Sep 28, 2005

It's time to play GUESS...WHO'S...SLIMIER!

I don't think I need to explain the instructions. Let's go!

Question 1: Oil companies that profit off human misery, OR, a humongous squid?

Question 2: Human goo-puddle Tom DeLay, OR, Cronenbergian nightmare Brundlefly?

Question 3: Bill "What's The Vig" Bennett, OR, fictional drink mascot Slurms Mackenzie?

And the answers...are painfully obvious.

But tune in again to play GUESS...WHO'S...SLIMIER!

Sep 22, 2005

Chocolate blogging...

Since I'm visiting friends and family this weekend, I decided to try a recipe that caught my eye, Emeril Lagasse's Chocolate Chipotle Brownies. Gotta say, it's a winner. Nice dark chocolate flavor, not too sweet, and a pleasant lingering warmth from the ground chipotle chile pepper.

It's also ridiculously easy, and how can you not love a recipe that requires you to slooooooowly melt a bar of chocolate and a half-pound of butter?

I don't see how.

Sep 19, 2005

Today's news, in sonnet.

With a wave of presidential magic
Fearless Leader pledges billions certain.
For each dollar to a victim tragic,
several thousand doled to Halliburton.

Scientific breakthroughs can be groovy
when they leap from science fiction's pages.
If you have to imitate a movie,
why on Earth pick one of Nicolas Cage's?

So you want to take some dough from Tyco?
Guess you must enjoy the smell of prison.
Now you're dining with a bunch of psychos.
Do you still agree with your decision?

To the owner of a franchise storied:
Thanks for bringing Jersey hockey glory.

Sep 18, 2005

Um, about that last post...

Just realized something, looking at the model: If I have two corners poking through the same edge, that violates the symmetry rule stated for the model, well, doesn't it?

This is why I HATED geometry.

Oh well, will update when repairs are done...

Tom Hull's five interesecting tetrahedra, part one.

Well, I've got three of the five frames interwoven, so the easy part is over.

Here you can see two of the frames already together, with the third ready. I left a point open so I could place it around the other two. For frame construction, Tom Hull's instructions are pretty straightforward; I would recommend after putting two frame pieces together, using a toothpick to add a little glue along the seam.

Now, basically there are no set instructions for weaving them together after the first two. Tom Hull's site gives this advice:

There is a very strong symmetry behind the formation of this structure, and understanding this symmetry can aid you in the construction. The finished object should have the following property: any two tetrahedra are interwoven with one corner poking through a hole of the other and vice versa, kind of like a 3-D Star of David but slightly twisted. (This is what we tried to describe above.)

So, for the third frame, if I have a corner of the third frame going through the intersection of the first two frames (shown in green below) and have the the corners of the first two frames (circled in red) going through the same hole of the third frame, I should be OK.

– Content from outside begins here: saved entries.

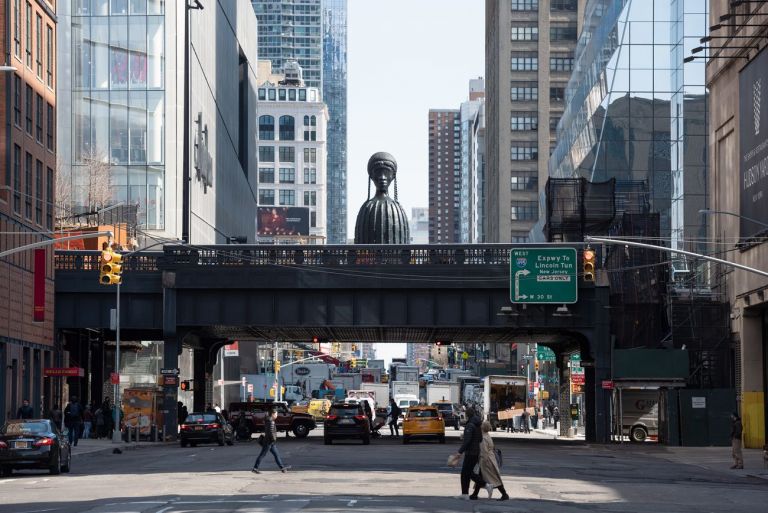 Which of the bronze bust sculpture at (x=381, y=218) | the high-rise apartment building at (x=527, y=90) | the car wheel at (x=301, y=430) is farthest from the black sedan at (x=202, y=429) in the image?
the high-rise apartment building at (x=527, y=90)

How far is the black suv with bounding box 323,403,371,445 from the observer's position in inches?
2168

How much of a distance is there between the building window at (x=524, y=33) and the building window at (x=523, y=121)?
30.6ft

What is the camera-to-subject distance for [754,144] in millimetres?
54625

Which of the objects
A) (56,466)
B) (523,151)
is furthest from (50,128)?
(523,151)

And it looks like it will be.

And there it is; 60% done.

I'm hoping that I can get away with the same trick for the fourth and fifth frames, but I'm not sure if I'll be that lucky. I still have to fold the last two frames, but that's not the time-consuming part. Anyway, we'll see what happens...

Sep 17, 2005

Let's see what's on...

"Good morning, and welcome to Meet the Press. Today, we were originally scheduled to have conservative pundits discuss why intelligent design should be taught, why Cindy Sheehan is a traitor, and why President Bush deserves none of the blame for the handling of the Katrina aftermath. However, we've decided that such a lineup would be too undignified for a show of the caliber of Meet the Press. So instead, Tom Green is going to stand on his head in a wading pool full of yak semen."
"I'll make slurping noises, too!"
"Yes, Tom, very good."
"There's definite trauma here at the fourth cervical vertebrae..."
"Wow, no wonder they call you Bones. You can tell all that just by looking at that emaciated corpse?"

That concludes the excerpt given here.